Kenyon CWL/IPHS Digital Humanities Team Approach:
We’ll divide our efforts into three distinct, but somewhat overlapping and intimately connected teams:
- Text Wrangling Team – Get, clean and normalize dataset. Minimal programming, mostly setting parameters in calls to various Python Libraries.
- Analytics Team – (tech) run various Machine Learning (ML) analysis on the dataset and (non-tech) closely explore/examine data to find structure and meta-data that lends itself to exploring various questions in fields of humanities.
- Data Visualization Team – get a good feel for the underlying data, ML output results and humanities research question and translate that into the most engaging and intuitive visual experience
Text Wrangling – Part A Clean Data
- Performance (languages, data types, idioms, libraries, parallel processing, local, cluster, cloud)
- Get physical copies of data files
- Selectively rescan?
- Sample with statistical rigor?
- Identify Titles
- Identify Topic Sentences/Summary Sentences
- Whitespace Filter
- Apostrophe Filter
- Remove Stop Words
- Remove Punctuation
- Spell Correction (Titles?)
- Grammar Correction (Titles?)
Text Wrangling – Part B Analyze Data
- Word Count/Frequencies
- Domain Dictionaries (Race, Sex, etc)
- Sentiment Analysis (positive, negative, confidence)
- Topic Modeling
- Self-Organizing Maps
- Trends/comparisons across time
- Trends/comparisons across subsets of data
- Trends/comparisons with external datasets
- Sample representative sample articles across college source, time period, topics and other significant dimensions and read raw data articles to get an intuition as to the style, content and structure of the dataset.
- Think about what is distinctive or interesting about the dataset that you learned about in step 1.
- Think about what data/structure is missing from the dataset that could be augmented or contrasted or baselined with an external dataset.
- Formulate research questions that this particular dataset(s) alone or with external dataset mashups can answer in a strongest way.
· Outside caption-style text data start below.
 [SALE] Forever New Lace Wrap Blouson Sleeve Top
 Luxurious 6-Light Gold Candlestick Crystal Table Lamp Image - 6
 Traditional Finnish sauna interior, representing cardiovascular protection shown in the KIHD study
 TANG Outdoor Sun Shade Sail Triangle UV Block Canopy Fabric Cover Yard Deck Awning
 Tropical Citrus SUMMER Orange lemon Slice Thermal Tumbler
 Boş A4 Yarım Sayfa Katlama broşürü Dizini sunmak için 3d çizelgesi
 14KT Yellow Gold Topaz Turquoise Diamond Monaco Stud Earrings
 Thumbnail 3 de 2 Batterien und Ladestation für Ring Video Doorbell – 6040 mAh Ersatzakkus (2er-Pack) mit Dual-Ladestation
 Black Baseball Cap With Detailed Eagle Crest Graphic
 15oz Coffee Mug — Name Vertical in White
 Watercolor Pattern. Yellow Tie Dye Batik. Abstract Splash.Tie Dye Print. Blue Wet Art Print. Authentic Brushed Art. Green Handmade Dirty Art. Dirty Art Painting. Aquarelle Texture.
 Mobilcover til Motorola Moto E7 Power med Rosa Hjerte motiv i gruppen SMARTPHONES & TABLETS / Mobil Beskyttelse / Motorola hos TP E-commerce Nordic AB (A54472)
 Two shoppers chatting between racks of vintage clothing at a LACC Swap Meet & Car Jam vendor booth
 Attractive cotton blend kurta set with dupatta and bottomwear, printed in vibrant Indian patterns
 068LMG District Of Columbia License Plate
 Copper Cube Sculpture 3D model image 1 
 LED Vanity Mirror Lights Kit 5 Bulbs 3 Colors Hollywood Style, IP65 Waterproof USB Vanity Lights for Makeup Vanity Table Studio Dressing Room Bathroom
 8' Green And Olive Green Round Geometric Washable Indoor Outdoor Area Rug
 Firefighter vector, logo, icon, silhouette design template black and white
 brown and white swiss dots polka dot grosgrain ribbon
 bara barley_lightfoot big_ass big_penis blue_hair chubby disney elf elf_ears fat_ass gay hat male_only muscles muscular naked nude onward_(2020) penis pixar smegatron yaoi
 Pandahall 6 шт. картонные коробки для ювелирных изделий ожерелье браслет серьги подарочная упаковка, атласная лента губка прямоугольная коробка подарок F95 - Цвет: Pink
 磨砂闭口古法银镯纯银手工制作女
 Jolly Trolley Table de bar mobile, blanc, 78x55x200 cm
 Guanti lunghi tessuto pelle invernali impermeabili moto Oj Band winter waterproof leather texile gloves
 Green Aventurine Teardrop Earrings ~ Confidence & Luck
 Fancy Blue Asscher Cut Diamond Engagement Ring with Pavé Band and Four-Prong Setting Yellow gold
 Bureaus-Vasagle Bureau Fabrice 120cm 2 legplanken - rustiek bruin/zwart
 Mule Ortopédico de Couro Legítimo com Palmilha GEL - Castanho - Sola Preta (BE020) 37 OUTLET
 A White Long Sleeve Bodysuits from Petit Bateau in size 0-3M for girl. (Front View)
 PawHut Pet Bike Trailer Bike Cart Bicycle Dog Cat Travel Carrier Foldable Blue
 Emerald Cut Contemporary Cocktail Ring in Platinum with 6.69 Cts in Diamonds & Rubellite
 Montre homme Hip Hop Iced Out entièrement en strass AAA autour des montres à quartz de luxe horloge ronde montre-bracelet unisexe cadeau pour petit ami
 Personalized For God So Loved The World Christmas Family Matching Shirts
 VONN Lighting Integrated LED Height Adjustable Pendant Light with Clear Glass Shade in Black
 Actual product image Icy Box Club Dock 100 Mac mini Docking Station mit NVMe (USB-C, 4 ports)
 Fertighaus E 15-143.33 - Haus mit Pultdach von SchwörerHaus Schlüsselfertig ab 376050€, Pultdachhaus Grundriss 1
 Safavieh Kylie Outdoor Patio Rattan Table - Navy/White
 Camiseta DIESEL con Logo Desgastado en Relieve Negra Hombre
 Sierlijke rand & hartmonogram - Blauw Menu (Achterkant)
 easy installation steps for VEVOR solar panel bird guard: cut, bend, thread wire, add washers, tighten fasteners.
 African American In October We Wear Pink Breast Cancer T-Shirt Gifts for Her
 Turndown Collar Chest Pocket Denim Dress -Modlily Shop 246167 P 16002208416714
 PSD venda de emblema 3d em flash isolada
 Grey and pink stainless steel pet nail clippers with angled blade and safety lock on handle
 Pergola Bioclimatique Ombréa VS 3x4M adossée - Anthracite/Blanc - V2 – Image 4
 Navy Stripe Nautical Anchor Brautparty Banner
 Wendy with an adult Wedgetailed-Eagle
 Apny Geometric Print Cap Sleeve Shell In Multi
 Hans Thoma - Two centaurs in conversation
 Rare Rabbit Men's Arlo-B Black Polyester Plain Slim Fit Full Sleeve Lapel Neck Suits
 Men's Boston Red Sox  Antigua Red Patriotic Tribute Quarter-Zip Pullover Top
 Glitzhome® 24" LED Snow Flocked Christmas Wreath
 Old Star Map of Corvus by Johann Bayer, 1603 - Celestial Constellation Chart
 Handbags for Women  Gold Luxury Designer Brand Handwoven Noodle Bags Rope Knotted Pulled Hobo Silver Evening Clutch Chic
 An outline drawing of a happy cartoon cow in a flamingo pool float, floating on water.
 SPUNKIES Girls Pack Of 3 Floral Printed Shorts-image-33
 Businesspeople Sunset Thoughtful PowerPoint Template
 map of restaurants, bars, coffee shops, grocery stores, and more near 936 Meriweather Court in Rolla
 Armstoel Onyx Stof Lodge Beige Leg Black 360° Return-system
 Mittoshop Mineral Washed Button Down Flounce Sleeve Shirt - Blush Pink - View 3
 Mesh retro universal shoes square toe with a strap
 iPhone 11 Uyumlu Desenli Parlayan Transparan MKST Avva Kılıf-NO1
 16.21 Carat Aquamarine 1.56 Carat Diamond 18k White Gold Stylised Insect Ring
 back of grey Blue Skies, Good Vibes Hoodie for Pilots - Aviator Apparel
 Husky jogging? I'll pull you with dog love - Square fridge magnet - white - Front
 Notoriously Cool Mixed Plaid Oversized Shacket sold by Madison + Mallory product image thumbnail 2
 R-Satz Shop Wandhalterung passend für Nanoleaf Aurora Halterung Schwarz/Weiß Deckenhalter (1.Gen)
Generate at least 3-5 different and potentially interesting research questions that you think this dataset can particularly answer.
- Translate your research question into specific questions we can ask of the dataset. For example, searching for key terms, vocabularies, pos/neg sentiments, changes over time, comparison with contemporary newspaper sources, etc.
- Work with the technical Text Wrangler team to translate these questions into programs in a sequence of an increasingly specific line of questioning.
- During the iterative process, feel free to iterate, backtrack and modify your research question based upon prior results. Better to fail fast and approach the data with a new more productive/interesting research question than to pour a lot of time into what will eventually be a relatively uninteresting or weakly supported claim.
- Briefly read over the top-level tasks for both the Data Wrangler team and Analytics Team to get a preview of what data you may be given to visualize and what are the important ideas to convey with the data/results.
- In particular, try to get an intuition for the both the underlying data as well as the analysis that will result in final datasets you’ll need to visualize.
- Read about current best practices in Data Visualizations
- Quickly review a number of contemporary Data Visualization galleries to get a concrete idea of how data/analysis results are expressed today.
- Drill down into our tool of choice to understand how to quickly generate some interesting visualizations with sample code, templates, etc.
- Communicate with the other teams, especially the Analytics Team to harmonize between the dataset resulting from the analysis and what the main ideas that need to be expressed/emphasized in as the research results.